In the design of the relief we must be cognisant of the impact on Irish Water of EUROSTAT's market corporation test. As the Deputy is aware, the advantage of keeping Irish Water off the Government balance sheet is that the necessary investment in the water infrastructure in the country can be made by the utility without impacting on our deficit or debt targets under the Stability and Growth Pact.

More generally, in terms of the impact of water charges on the public finances, as the revenue from water charges is considered to be outside government, it has no impact on general Government revenue. Savings will accrue to the Exchequer over time as a result of a lower subvention from the Exchequer. As included in the summary of budget measures, the cost of tax relief at 20% on water charges up to a maximum of €500 per annum will be €40 million in 2016.
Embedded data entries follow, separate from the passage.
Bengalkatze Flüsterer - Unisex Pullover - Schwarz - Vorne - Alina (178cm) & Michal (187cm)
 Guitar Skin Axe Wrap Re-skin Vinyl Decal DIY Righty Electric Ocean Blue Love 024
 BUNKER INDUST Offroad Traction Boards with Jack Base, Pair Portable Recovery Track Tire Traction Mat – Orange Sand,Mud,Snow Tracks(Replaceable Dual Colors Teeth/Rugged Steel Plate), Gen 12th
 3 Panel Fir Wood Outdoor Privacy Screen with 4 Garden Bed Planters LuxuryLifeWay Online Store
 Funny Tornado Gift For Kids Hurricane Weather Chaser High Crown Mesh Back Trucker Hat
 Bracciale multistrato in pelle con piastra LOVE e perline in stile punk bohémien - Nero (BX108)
As Irish Water is considered to be outside government, expenditure by it does not impact on general Government expenditure. If tax relief was provided at source, Irish Water could fail the market corporation test and would, therefore, be classified within general government. Assuming that the operating and capital expenditure plans of Irish Water remained unchanged, the deficit would increase by between €500 million and €600 million, or 0.3 percentage points, in 2015. Separately, with regard to the impact on debt, all borrowings from third parties undertaken by Irish Water would be added to the outstanding stock of sovereign debt.

I thank the Minister for the reply. He stated providing tax relief at source would result in Irish Water failing the market corporation test. That is the issue on which we need clarity. The €533 million to be provided next year from the local government fund will be accounted for in the general Government balance and thus will be on the balance sheet of the State. Is it the Government's intention that Irish Water will be off balance sheet in 2015? To achieve this, what level of revenue does Irish Water need to generate from domestic and non-domestic customers to pass the test?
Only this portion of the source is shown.